# Short web captions
..............................
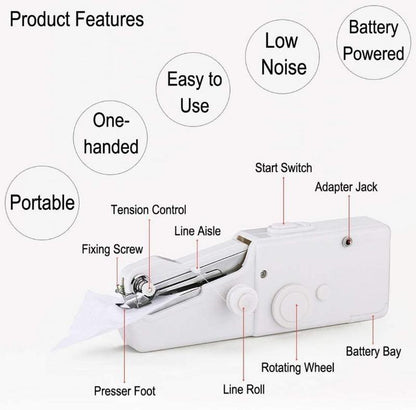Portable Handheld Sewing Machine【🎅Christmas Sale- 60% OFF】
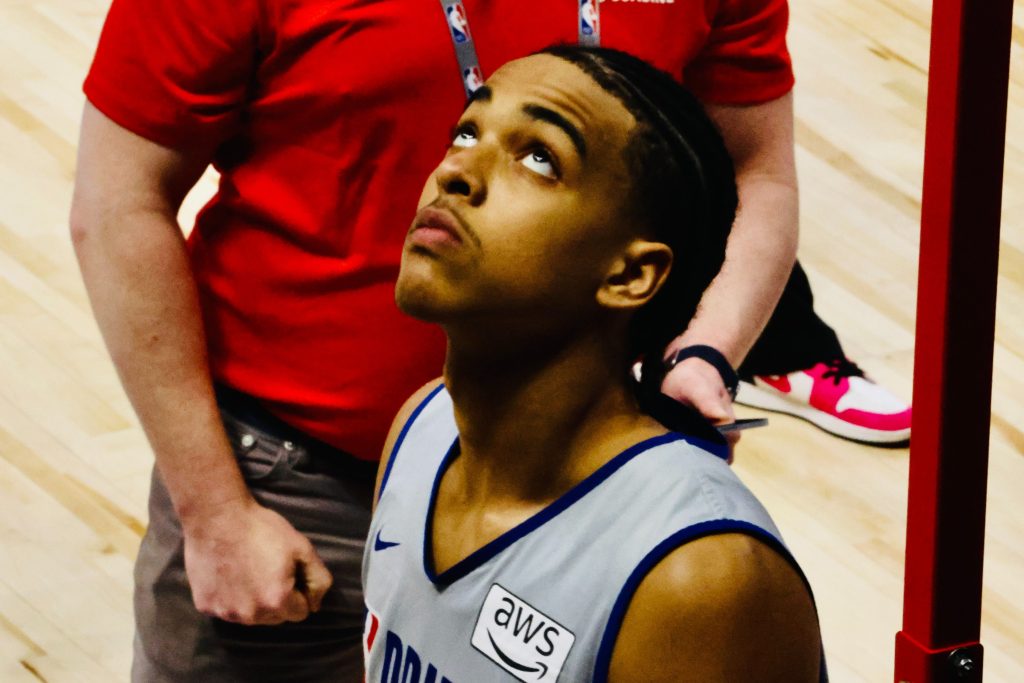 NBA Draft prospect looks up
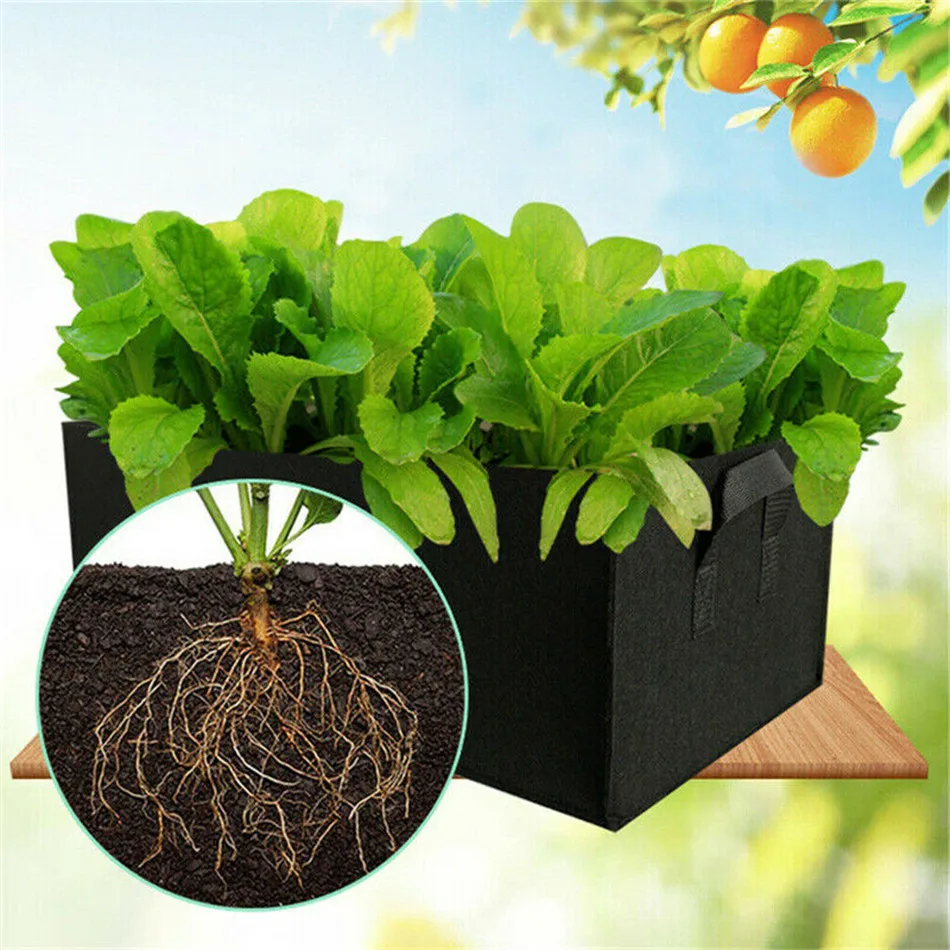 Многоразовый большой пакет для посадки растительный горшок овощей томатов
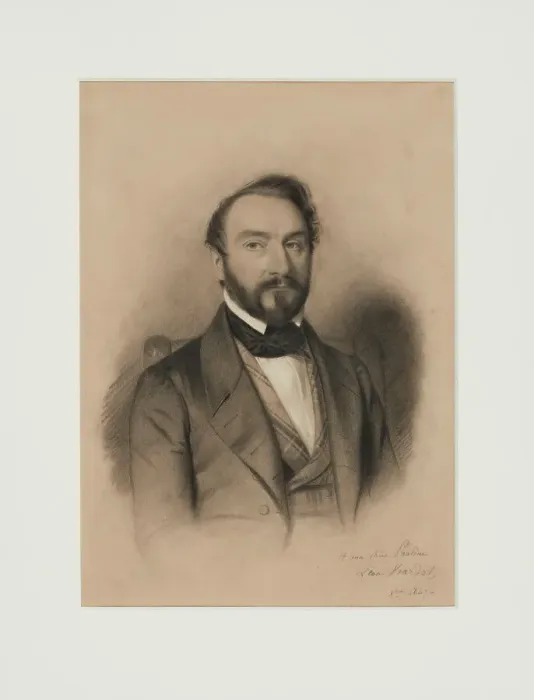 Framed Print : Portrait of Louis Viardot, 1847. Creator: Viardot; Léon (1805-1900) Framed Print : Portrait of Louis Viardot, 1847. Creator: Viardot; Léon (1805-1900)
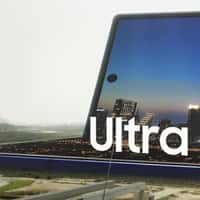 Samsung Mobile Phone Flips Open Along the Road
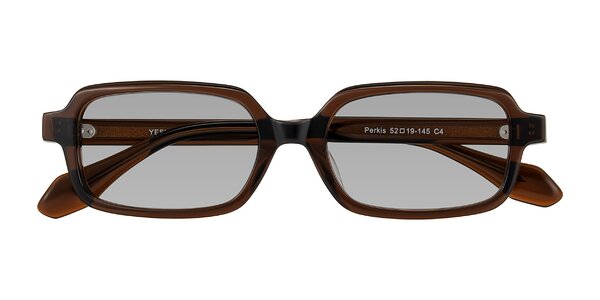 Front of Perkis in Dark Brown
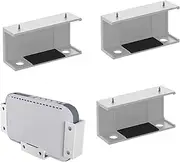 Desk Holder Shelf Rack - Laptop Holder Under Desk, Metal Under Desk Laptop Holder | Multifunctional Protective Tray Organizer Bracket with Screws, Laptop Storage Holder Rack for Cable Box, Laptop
..............................
# Task item
Each entry is to be written out again word for word, and any pictures are to be omitted.

# Response area
Portable Handheld Sewing Machine【🎅Christmas Sale- 60% OFF】
 NBA Draft prospect looks up
 Многоразовый большой пакет для посадки растительный горшок овощей томатов
 Framed Print : Portrait of Louis Viardot, 1847. Creator: Viardot; Léon (1805-1900) Framed Print : Portrait of Louis Viardot, 1847. Creator: Viardot; Léon (1805-1900)
 Samsung Mobile Phone Flips Open Along the Road
 Front of Perkis in Dark Brown
 Desk Holder Shelf Rack - Laptop Holder Under Desk, Metal Under Desk Laptop Holder | Multifunctional Protective Tray Organizer Bracket with Screws, Laptop Storage Holder Rack for Cable Box, Laptop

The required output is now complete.